I know I should seek professional advice - but would like some general advice here from those who may have experience
I will be 60 in 4 years and would like to start thinking about retirement
My pension income at 60 - will be approximately 50% of what I earn now - plus a lump sum - close on 2 years salary
However my wife works part time and has next to nothing in a pension pot
Both get full state pension at 67
House is paid for - no mortgage - 2 live at home boys in early 20's - one at uni other in full time work
If retirement at 60 doesn't look feasible - I am wondering if to go part time now - any thoughts ?
Some real life figures for you:
Decent sized detached bungalow (paid for). We eat well, drink well, house is always toasty (oil/coal/logs) decent social life, run one small decent new car (I say new but we keep our cars for 8-10 years these days as we only do c2-2500 miles pa).

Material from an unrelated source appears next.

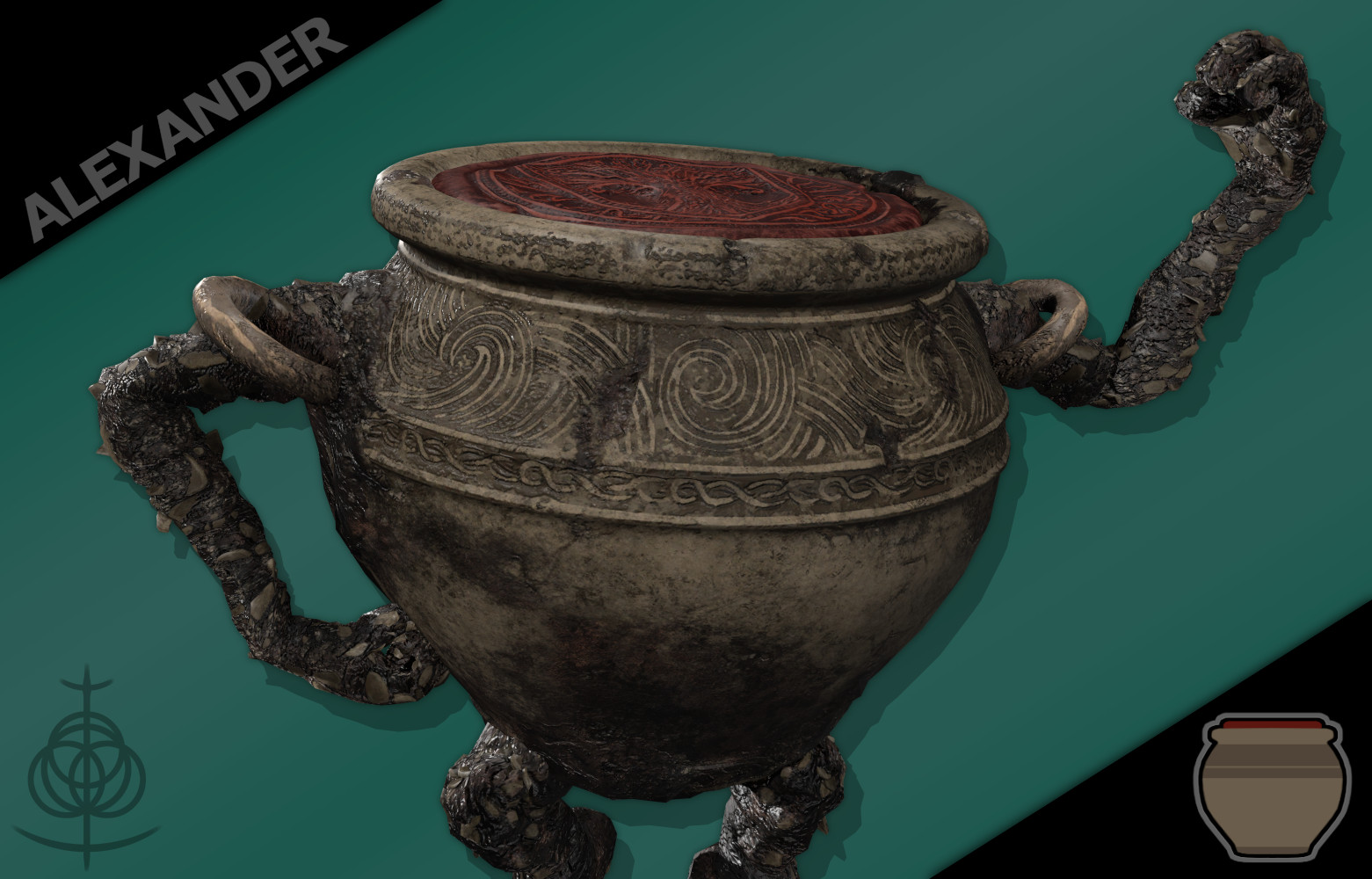 Alexander the Iron Fist - Elden ring Jar and Planter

We don't spend a lot on clothes as we are mainly in the great outdoors in our leisure time and neither of us likes dressing up much so we spend our lives in outdoor gear (as do most of the people in the village in which we live.
Basic costs ie everything to run the house (utilities/council tax/fuel/insurance), food/drink, car fuel/servicing/tax (£20!) etc = £13000
Contingency costs ie dentists/opticians, small household items, hairdressers (Lovely Wife not me), entertainment (going to the pub etc) and all those piddly bits and pieces that you need as your life scrolls by = £2500
New car purchases, holidays and capital expenditure needed on the house we take out of savings which amount to around £5000 pa across the years. We don't do big holidays much these days as we got that out of our system years ago. Ditto big fancy cars.
So a bit over £20000 pa is all we need to run our lives.
We fund this from a mixture of company pension and the investment income from a significant amount of savings which also spins off a decent positive cash-flow every year which balances off inflation plus adds a decent chunk to our invested capital. Our kids will be very lucky one day.
We have no mortgage, loans, credit cards etc and are 100% debt free.
We would be hard pressed to get through more than the c£20000 pa figure quoted unless we went daft on holidays, cars, fancy watches etc - we've done all that and it no longer floats our boat.
For some years now we have run a 20 year future cash-flow projection - it's quite a complicated spreadsheet these days as it's evolved over the years but is surprisingly accurate. All our income and expenditure projections are accounted for and we also use it (more so in the past) to model the impact of any major proposed expenditure.
When we first built this in around 2003/4 we were surprised at how little we would require to have a decent standard of living especially as we were preparing to quit the corporate rat race that was giving as a very high net income. It was a major sanity checking mechanism for us whilst preparing for a very different future - albeit a much better one.
I would suggest that it may be a good idea to model your finances yourself and you can then make the appropriate decisions regarding your future financial needs.
HTH.
Good advice... Kingrollo, if you have to rely on investing your lump sum for retirement income then don't take the lump sum and leave it in the pension as you'll get a better return drawing your pension then you ever could investing the lump sum unless you take a greater risk investing in higher return stuff which could collapse.
I took as much as I could out of my company pension and everything out of a couple of private pensions that I was contributing too. Pensions, especially with the low yields of today, can leave some very large amounts of your money in the accounts of the pension provider once you die.
I much preferred to invest those monies I could access into Tessas (back in the day) and then ISA's/Fixed Term Bonds/Managed Funds etc on the assumption that I could use this capital as and when required (not that we have had to so far and I doubt we ever will; although at the time I thought we would).
Using a calculator something like this (ignore the fact that it is in dollars) can give some surprising (positive) results as to how long a sum of money will last with 'x' amount of withdrawals pa at 'y' interest rate.
https://www.calcxml.com/calculators/how-long-will-my-money-last?skn=
At today's low risk investment rates of around 2% (we currently average 2.21% on our low risk investments) a relatively modest sum of £100k would allow someone to withdraw around £5000 pa for around 25 years. This may be better than that offered by your pension provider. Pension providers are like bookies, their terms are stacked in their favour of winning the gamble although they portray themselves as oh so helpful entities that you cannot possibly do without. Obviously you need to balance this off against how long you think you will live (optimistic finger in the air time and all you are doing here is what the provider does) etc. And you have to manage this against the backdrop of the term of your investment(s) and any possible penalties should you ever need to terminate an investment prematurely. Worth thinking about imo.